Another week of projected good weather inspired more self-isolation on the high seas. Once again the challenge was to plan in itinerary that included only uninhabited (or very sparsely inhabited) places.

We began our journey with a two-and-a-half hour cruise to little Jones Island. Jones, which lies just off the western coast of Orcas Island, is a favorite – ours and everyone else’s. It’s usually too crowded to make a stop worthwhile. But under present circumstances, it was pretty much all ours.

We began our visit with a two mile loop walk around the western half of the Island.

Jones is a small Island with harbors on the north and south sides. Each has three mooring buoys and room for some anchoring. Here’s a look back at the northern harbor as we began our loop walk.
Mary Anne learns about the project to restore native trees to the Island.
Some trees really make it hard on themselves!

We continued our visit to Jones the next day by walking the eastern, slightly longer, loop with our Anacortes friends Greg and Marlene.

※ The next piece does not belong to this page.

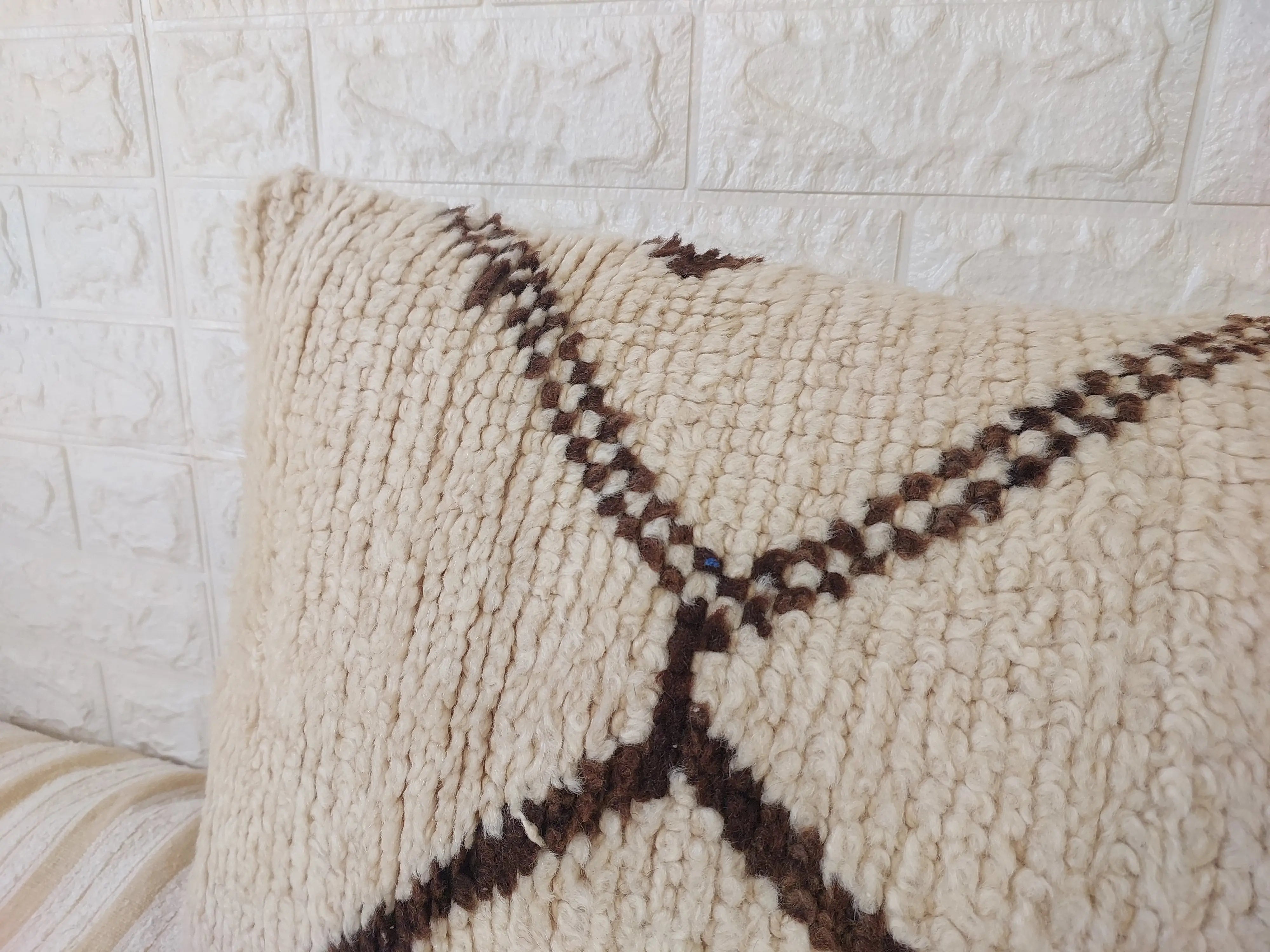 Set of 2 Vintage Azilal Moroccan Rug Pillows | 40x60 cm Ivory & Brown Undyed Wool Cushion Covers | Authentic Boho Lumbar Pillow Covers MoroccanBazzArts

Marlene and Greg’s boat, Tradition, a Nordic Tug 37 floats in front of Impromptu
Notice the little flowers (at least that’s what I think they are)
Greg, Mary Anne and Marlene practice social distancing while looking across Spring Passage to Orcas Island
This is the harbor on the south side of Jones Island. There’s no dock and you have to be careful of rocks in the shallow water
The Island’s water tower set on the high point between the north and south camping areas
Someone’s artistic arrangement of a bit of deer scull

Jones Island is particularly nice when it’s all yours, but after three days, we decided that it was time to move on.